Problem description: Once you reach the line with "Magnetic 2 in" in the material below, copy each line exactly up to and including the line with "molecular formula C22H18BrN3OS", and skip the pictures.

Information given:
>>

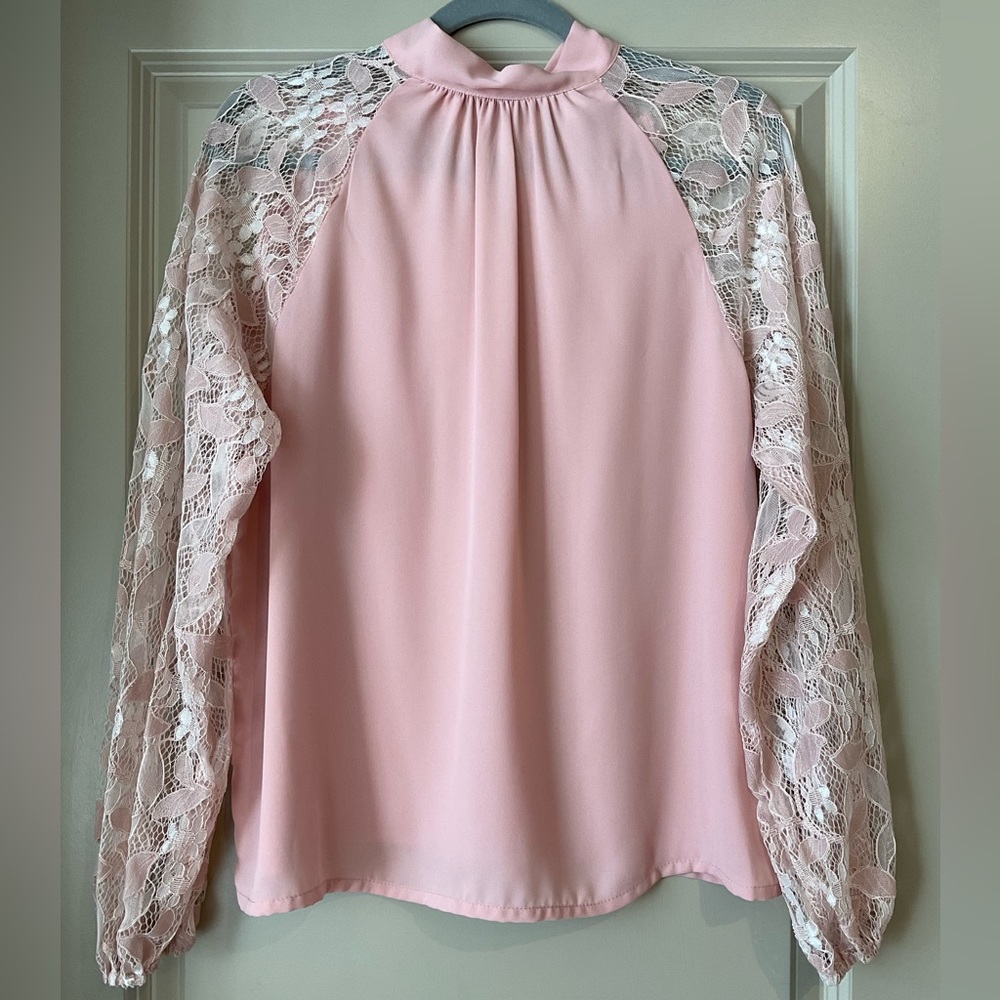 SHEIN Unity Tie Neck Lace Flower Sleeve Blouse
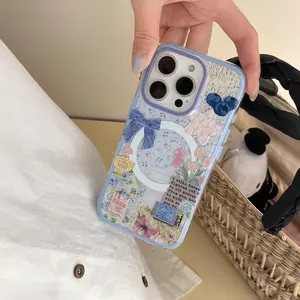 Magnetic 2 in 1 Bow Pattern Phone Case Casing with Bow Holder, Smartphone Protective Cover, Phone Accessories with Protection Compatible with iPhone 16 Pro Max 15 Pro Max 14 Pro 13, Cellphone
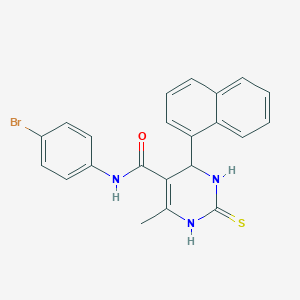 molecular formula C22H18BrN3OS B405554 N-(4-bromophenyl)-6-methyl-4-(1-naphthyl)-2-thioxo-1,2,3,4-tetrahydro-5-pyrimidinecarboxamide 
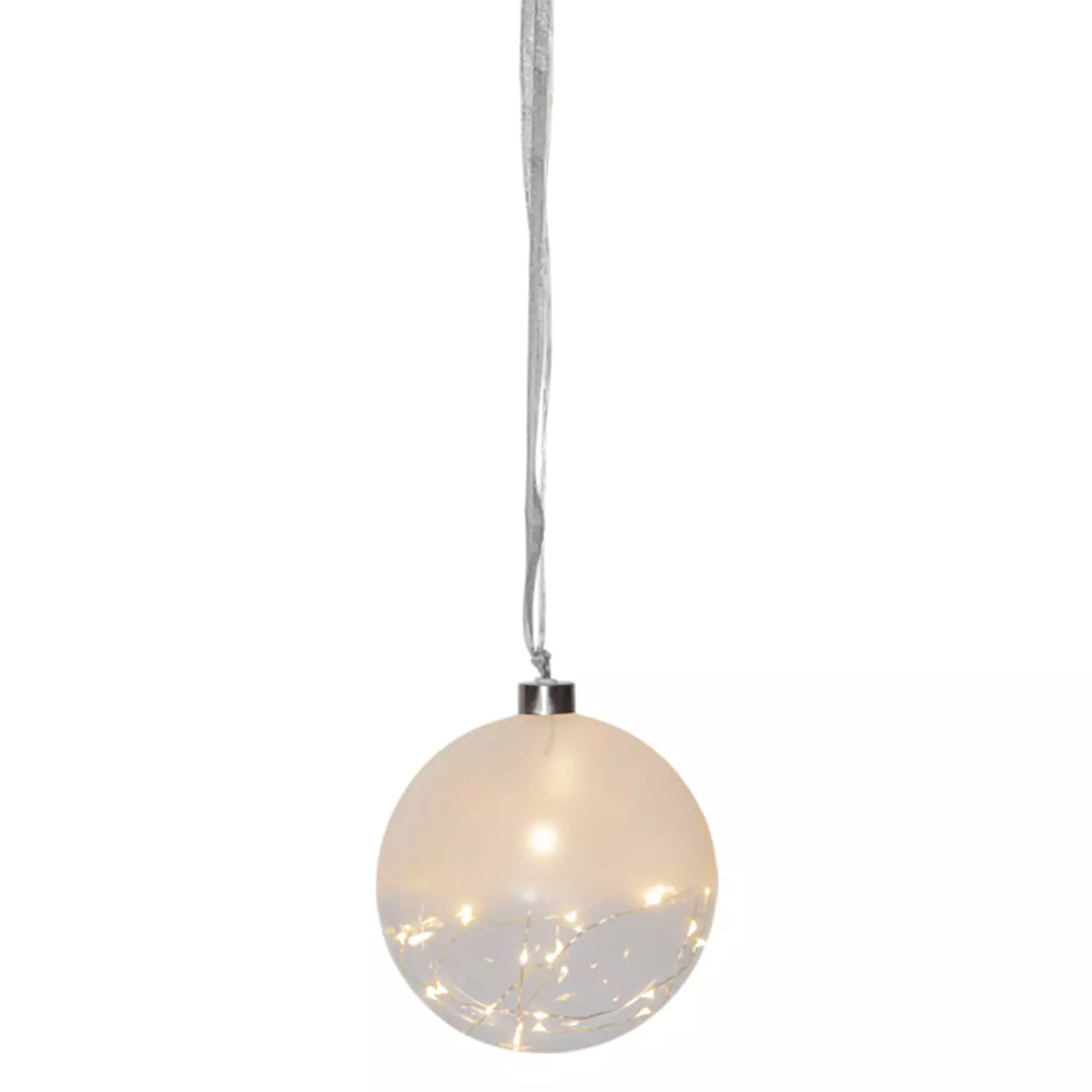 Star Trading Glow Glass Bauble 15 Cm, Frosted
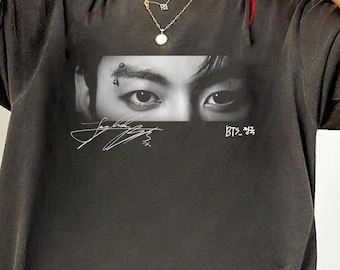 Camiseta retro de los 90 con colores cómodos y estampado de los ojos de Jungkook, camiseta pirata de Kpop con estampado de los ojos de Jungkook, regalo para fans.
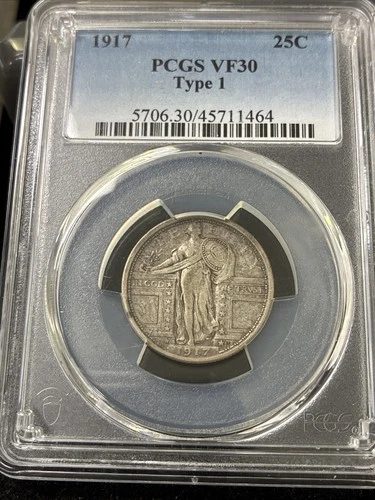 1917 STANDING LIBERTY QUARTER~PCGS VF 30~TYPE 1~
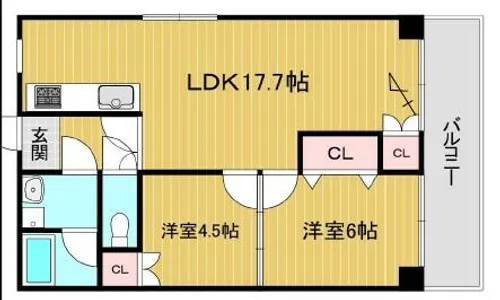 ブエナビスタ姫路【401号室】の間取り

<<

Result of the task:
 Magnetic 2 in 1 Bow Pattern Phone Case Casing with Bow Holder, Smartphone Protective Cover, Phone Accessories with Protection Compatible with iPhone 16 Pro Max 15 Pro Max 14 Pro 13, Cellphone
 molecular formula C22H18BrN3OS B405554 N-(4-bromophenyl)-6-methyl-4-(1-naphthyl)-2-thioxo-1,2,3,4-tetrahydro-5-pyrimidinecarboxamide 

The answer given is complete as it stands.